[Crawled caption data]

########

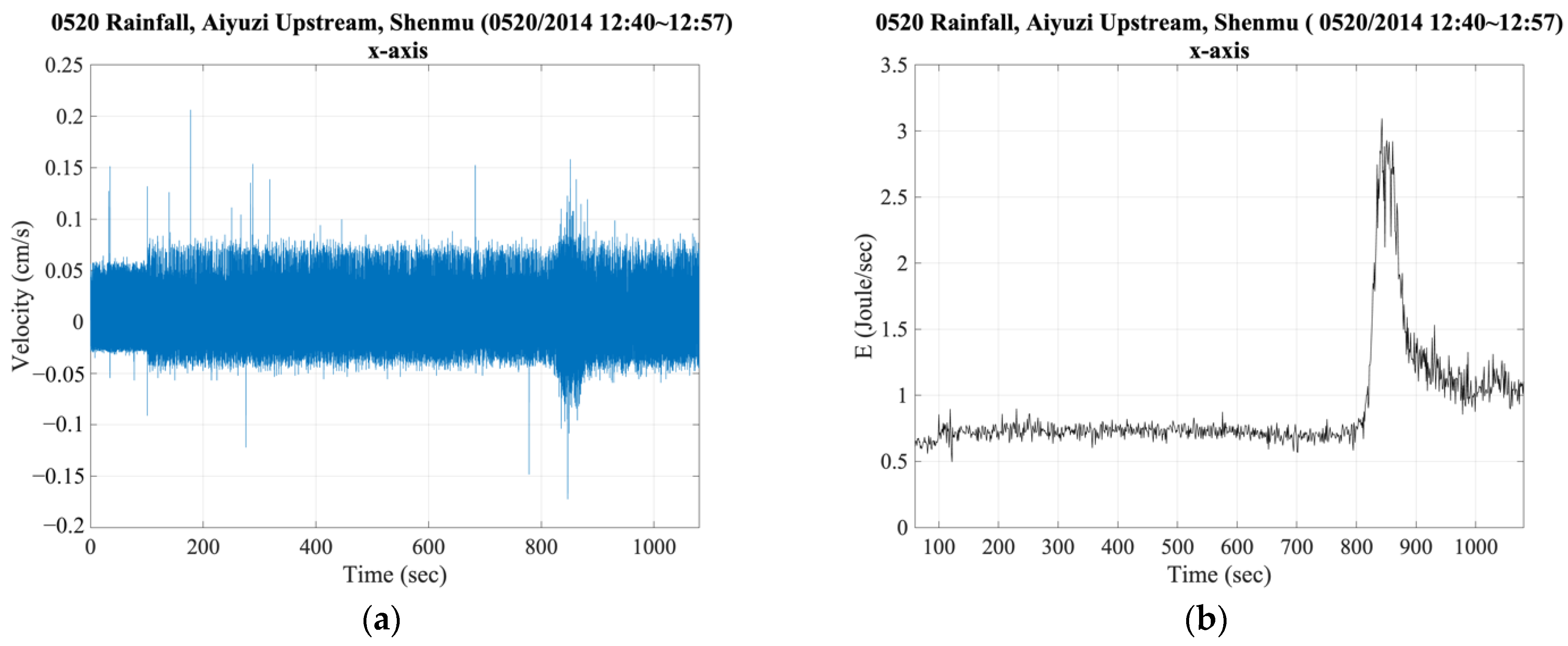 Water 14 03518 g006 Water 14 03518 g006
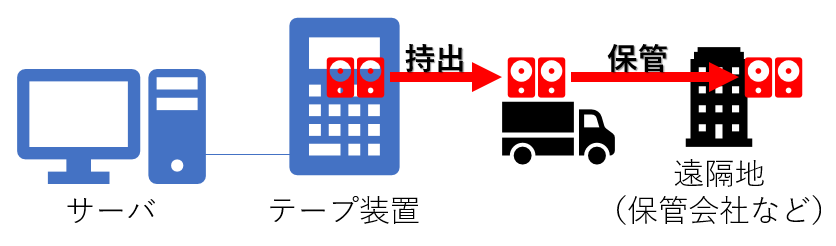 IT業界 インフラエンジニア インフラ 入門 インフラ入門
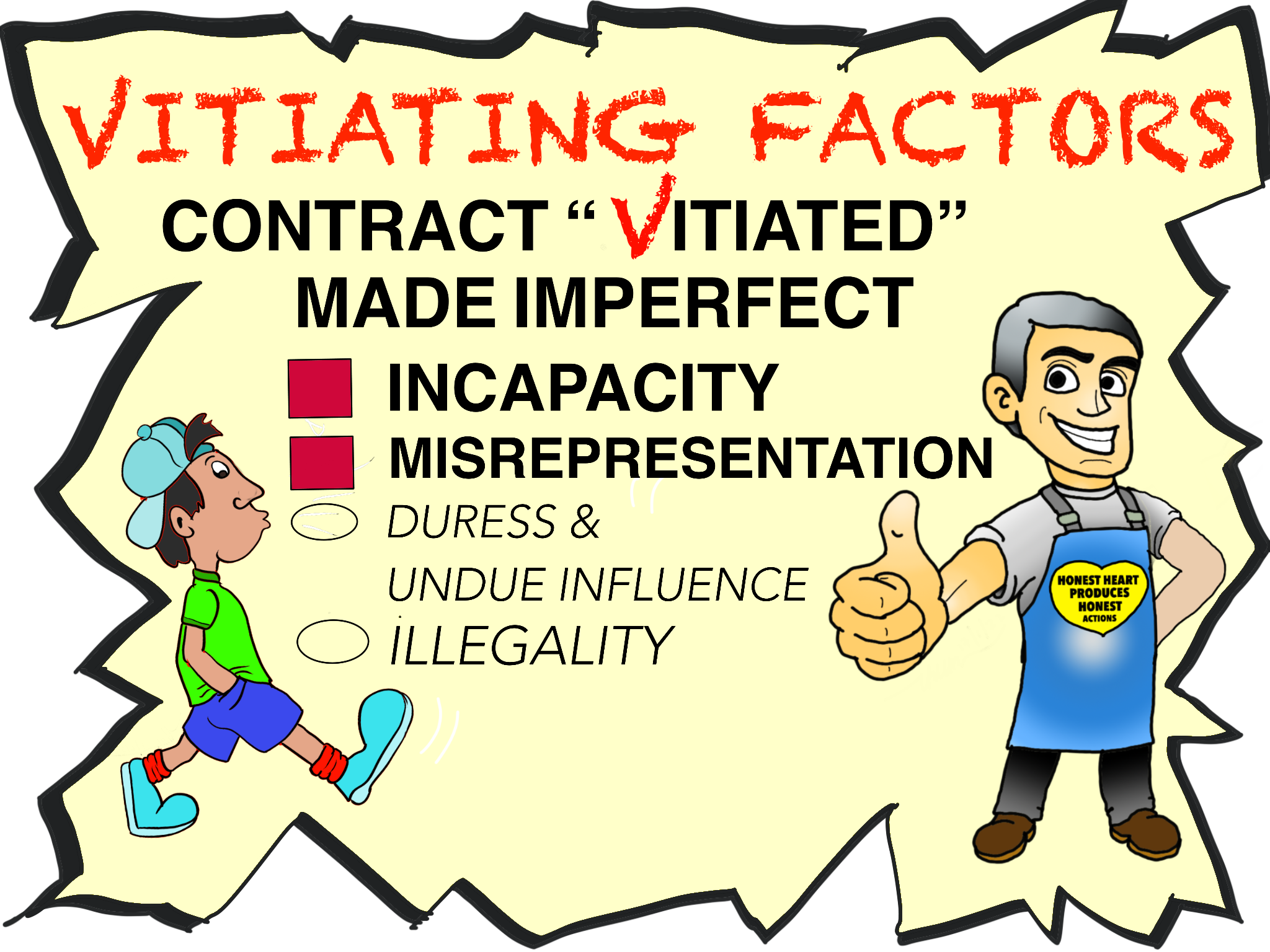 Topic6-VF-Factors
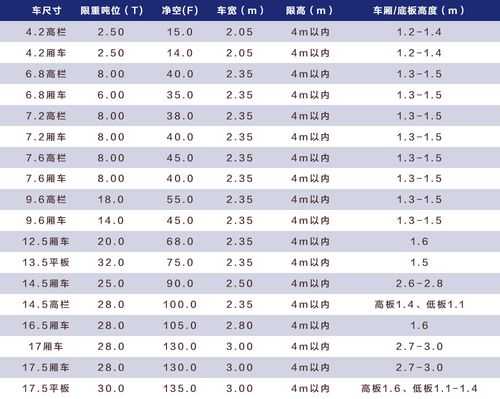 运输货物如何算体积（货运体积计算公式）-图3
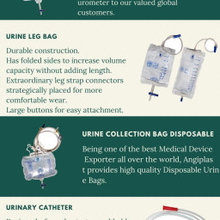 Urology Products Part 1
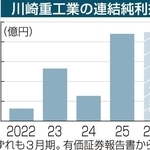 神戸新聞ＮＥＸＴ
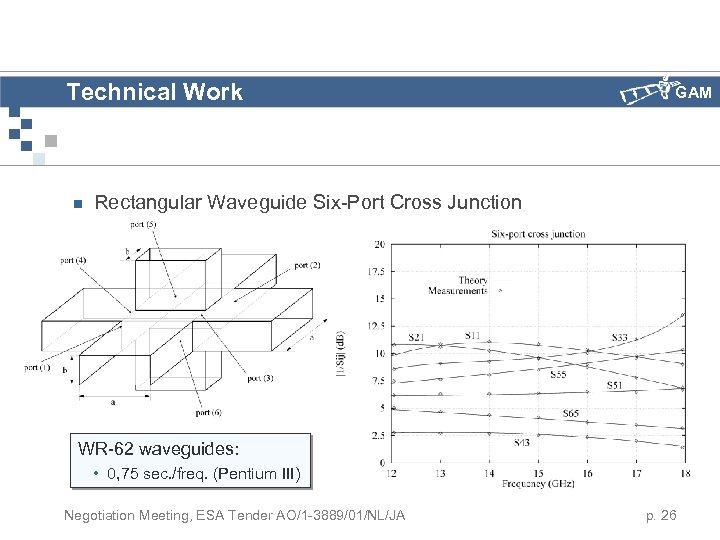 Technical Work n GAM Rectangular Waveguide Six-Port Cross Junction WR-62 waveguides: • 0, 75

########

=== What is expected ===
Could you repeat exactly the lines from the one containing "IT業界 インフラエンジニア インフラ 入門 インフラ入門" through the last line of the records, both included, without the pictures?

=== Solution for this exercise ===
 IT業界 インフラエンジニア インフラ 入門 インフラ入門
 Topic6-VF-Factors
 运输货物如何算体积（货运体积计算公式）-图3
 Urology Products Part 1
 神戸新聞ＮＥＸＴ
 Technical Work n GAM Rectangular Waveguide Six-Port Cross Junction WR-62 waveguides: • 0, 75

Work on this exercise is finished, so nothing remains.